= DATA SHOWN =
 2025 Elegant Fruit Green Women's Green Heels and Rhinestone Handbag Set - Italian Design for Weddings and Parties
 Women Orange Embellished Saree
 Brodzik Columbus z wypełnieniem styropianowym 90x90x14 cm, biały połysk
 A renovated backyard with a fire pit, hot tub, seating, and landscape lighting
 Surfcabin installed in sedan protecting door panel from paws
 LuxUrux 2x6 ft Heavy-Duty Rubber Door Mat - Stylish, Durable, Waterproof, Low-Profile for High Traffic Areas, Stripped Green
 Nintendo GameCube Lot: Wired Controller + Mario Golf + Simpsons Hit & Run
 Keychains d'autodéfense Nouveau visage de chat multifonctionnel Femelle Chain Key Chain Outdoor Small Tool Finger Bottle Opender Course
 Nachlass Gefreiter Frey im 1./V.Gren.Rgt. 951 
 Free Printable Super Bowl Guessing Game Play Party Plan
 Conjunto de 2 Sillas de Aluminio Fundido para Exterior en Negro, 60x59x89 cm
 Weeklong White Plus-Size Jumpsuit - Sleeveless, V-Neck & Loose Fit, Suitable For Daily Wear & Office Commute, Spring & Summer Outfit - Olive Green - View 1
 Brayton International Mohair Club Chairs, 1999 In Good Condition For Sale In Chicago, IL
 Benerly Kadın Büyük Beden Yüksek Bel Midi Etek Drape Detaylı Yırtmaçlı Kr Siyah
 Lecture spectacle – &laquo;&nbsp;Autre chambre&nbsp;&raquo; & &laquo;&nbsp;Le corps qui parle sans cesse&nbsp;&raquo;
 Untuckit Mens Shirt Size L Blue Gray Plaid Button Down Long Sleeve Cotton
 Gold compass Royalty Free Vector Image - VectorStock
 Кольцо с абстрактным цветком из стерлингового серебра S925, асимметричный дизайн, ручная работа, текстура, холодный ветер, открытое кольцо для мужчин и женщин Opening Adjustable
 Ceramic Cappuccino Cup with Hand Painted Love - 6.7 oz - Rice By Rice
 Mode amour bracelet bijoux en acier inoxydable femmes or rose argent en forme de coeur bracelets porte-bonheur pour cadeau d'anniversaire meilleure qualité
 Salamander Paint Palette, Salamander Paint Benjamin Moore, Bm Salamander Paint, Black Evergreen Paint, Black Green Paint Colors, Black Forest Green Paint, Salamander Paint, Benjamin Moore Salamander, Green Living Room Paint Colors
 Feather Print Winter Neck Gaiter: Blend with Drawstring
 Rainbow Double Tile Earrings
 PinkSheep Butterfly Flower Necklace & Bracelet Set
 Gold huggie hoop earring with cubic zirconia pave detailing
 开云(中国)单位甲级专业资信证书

= EXERCISE OBJECTIVE =
Each line in the material above that mentions the word "Size" must be copied.

= RESULT =
 Weeklong White Plus-Size Jumpsuit - Sleeveless, V-Neck & Loose Fit, Suitable For Daily Wear & Office Commute, Spring & Summer Outfit - Olive Green - View 1
 Untuckit Mens Shirt Size L Blue Gray Plaid Button Down Long Sleeve Cotton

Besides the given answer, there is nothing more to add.